Although the Bush administration has been in a snit about The New York Times’s recent revelations of government spying on Americans and the surveillance of the banking records of presumed terrorists, the president has actually had an easy time of it with the Fourth Estate, according to Eric Boehlert’s Lapdogs: How the Press Rolled Over for Bush.
In a disturbing account of how Americans obtain their news, the award-winning journalist provides a vivid and detailed review of the major media publications and transcripts of network and cable news programs. One of Boehlert’s claims is that the mainstream media (noted throughout his book as the MSM) became timid not because of 9/11 or the war on terror but because its tilt to the right has been building for decades from a deep-pocketed Republican media noise machine.
The press haters, for example, have railed against the MSM in an attempt to dismantle the pressan essential public information institution vital to democratic governanceby questioning journalists’ motives, creating an echo chamber of the same, repetitious message and dodging issues by replacing serious debate with ad hominem attacks.
The press haters also demand that news be balanced, since the knee-jerk liberal press is automatically deemed unfair to Republicans. In reality, says Boehlert, fairness to the party out of power goes wanting. By comparison, the MSM provided more incisive reporting and critique during the Clinton years from Whitewater to Monica Lewinsky than it has during the Bush years, where embarrassments like the war with Iraq, Hurricane Katrina, the Downing Street Memo, the Abramoff scandal and the planting of reporters among the White House Press Corps have been conveniently brushed aside.
Boehlert shows how the MSM favored George W. Bush in 2000 by emphasizing his affability, as it simultaneously trashed Al Gore for his supposed woodenness. Once Bush was in office, news choreography and information control commenced as journalists became mere secretaries taking dictation. The somber effect of this dynamic occurred in early 2003, when the White House succeeded in convincing 82 percent of Americans that terrorists might strike our shores at any moment.
The MSM also succeeded in helping the administration not only to sell the war but to make the president look as though he were ably fighting terrorism at every turn, even as his approval polls plunged to 30 percent in 2006. For instance, the White House obtains coverage from cable networks by calling a press conference wherever the president goes. The network then breaks away from its programming only to cover the president talking to friendly crowds about issues other than the war.

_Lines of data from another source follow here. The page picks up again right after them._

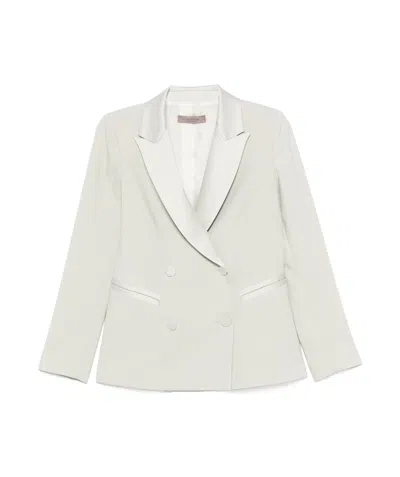 D Exterior D.exterior Light Green Double-breasted Blazer With Satin Lining In Neutral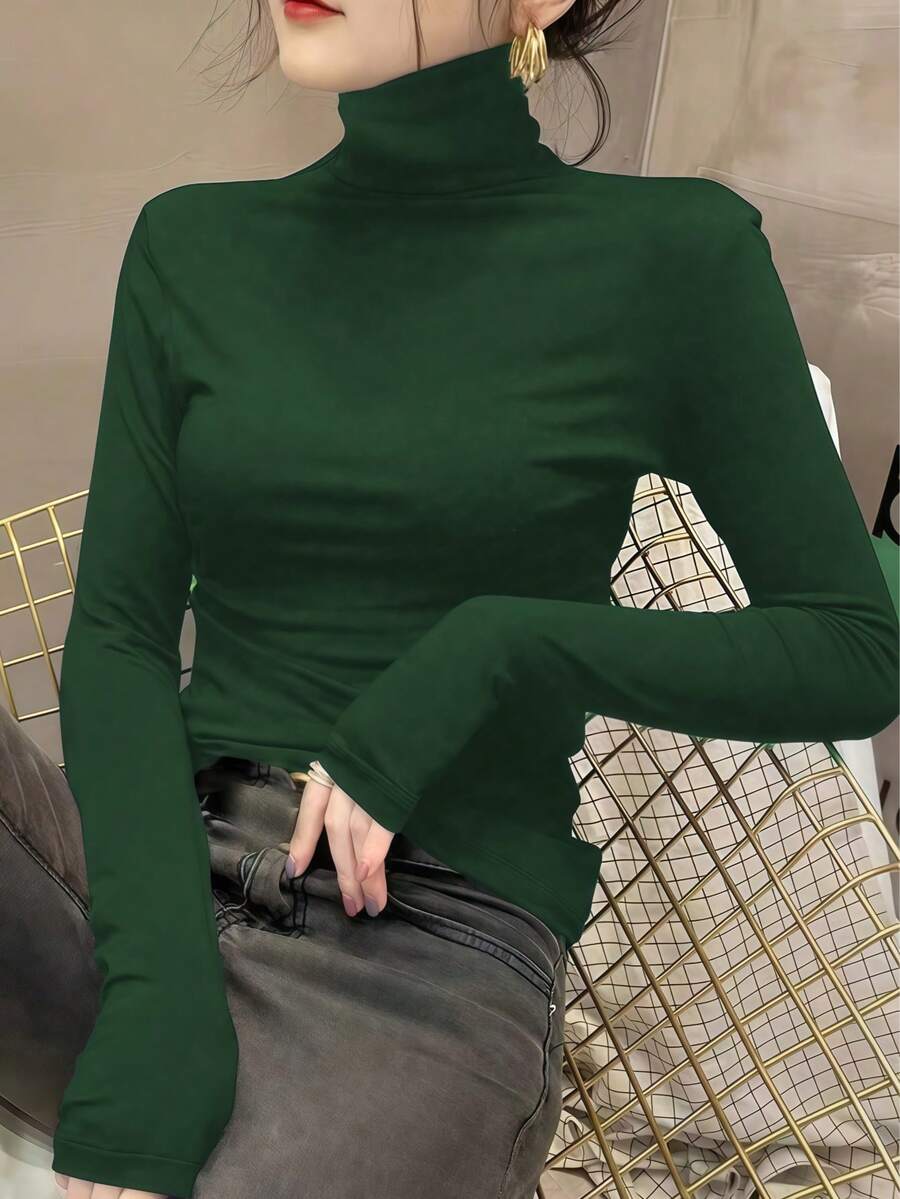 Women's High Neck Turtleneck Base Layer Top, Spring Autumn Winter 2024 New Style, Long Sleeve Black Thin Top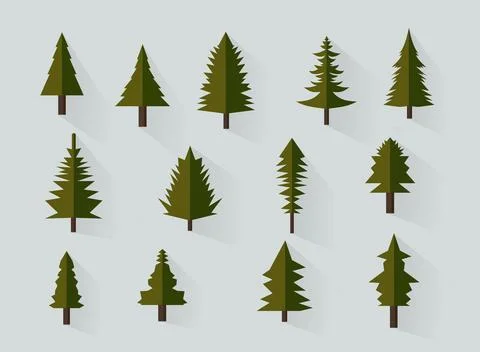 Pine tree vector illustration collection Stock Illustration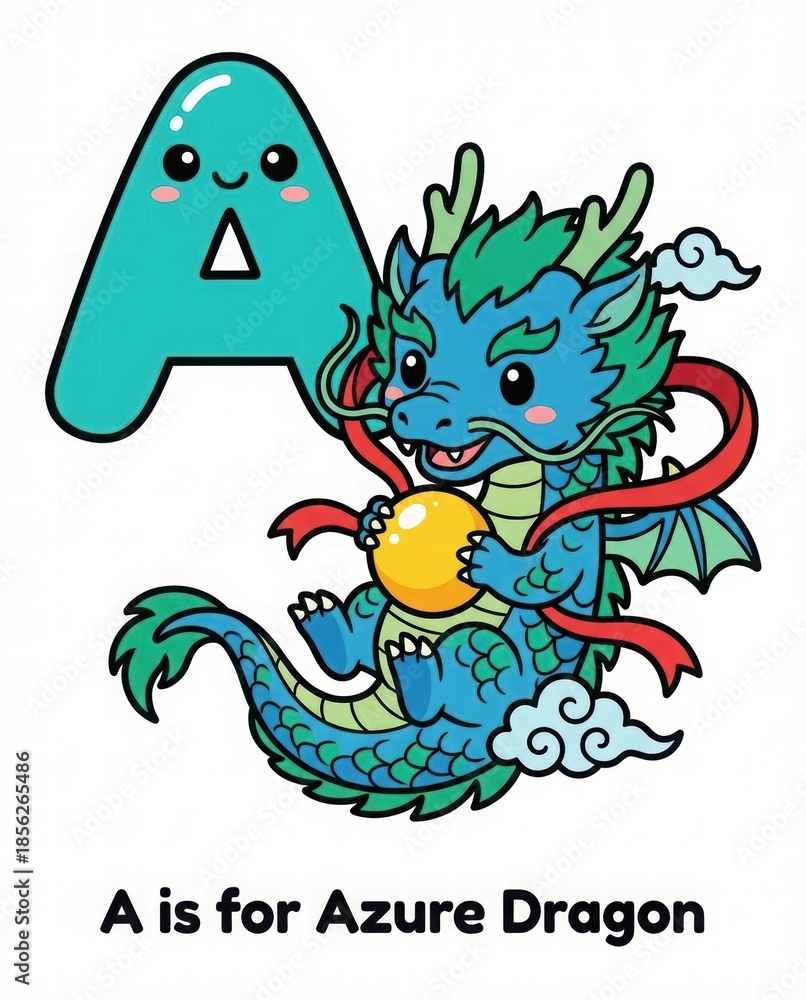 Fototapeta premium Cute Azure Dragon Cartoon with Letter A and Golden Orb for Kids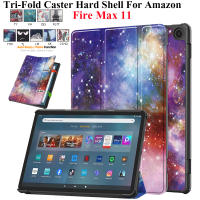 สำหรับ Amazon Fire สูงสุด11เคส Amazon Fire Max11 11นิ้ว Casing Tablet หนังแม่เหล็ก PU เคสตั้งได้พับสามทบ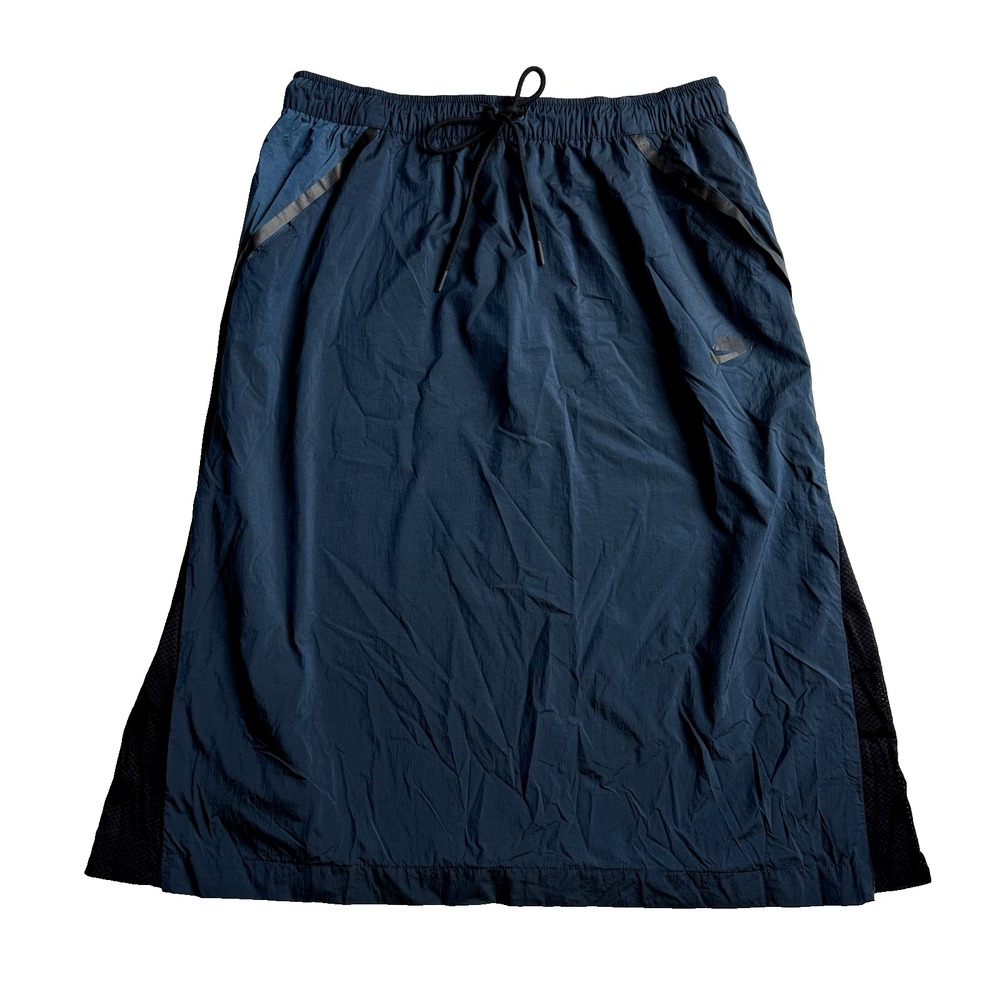 Nike Wind Runner Track Suit Skirt Women L Blue Gorpcore Zip Up Side Sheer Mesh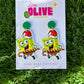 Sponge-Inspired Christmas Dangle Earrings – Festive Holiday Design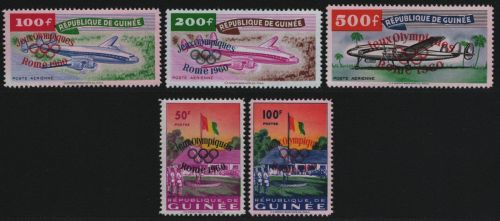 Guinea 1960 - Mi-Nr. 49-53 ** - MNH - Olympia Rom (I)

Although the White House has succeeded in manipulating the press, much of the MSM’s dysfunction is of its own doing, says Boehlert. The 24/7 news cycle, for example, has pressured the MSM to produce more for less. Meanwhile, newspapers are losing millions of readers each year and television networks are filling their programming with low-budget reality shows and a spate of eye-catching breaking news items. Newsroom cutbacks limit press coverage, and local outlets are owned by corporations more interested in making money through glitz and glamour than in providing the public with essential information during these critical times. Journalists feel their own job security threatened, which in turn creates a follow the leader mentality, in which news is safely and efficiently shared by reporters rather than analyzed from different angles by different people.
Access also depends on journalists’ cordiality toward administration officials. The longtime queen of the White House press corps, Helen Thomas, lost favor with the president by asking him too many difficult questions. During Bush’s six years in office he has rarely called on her at presidential news conferences, even though tradition has afforded her the first question. Dan Rather suddenly retired after airing an unflattering piece on Bush’s National Guard service just before the 2004 election.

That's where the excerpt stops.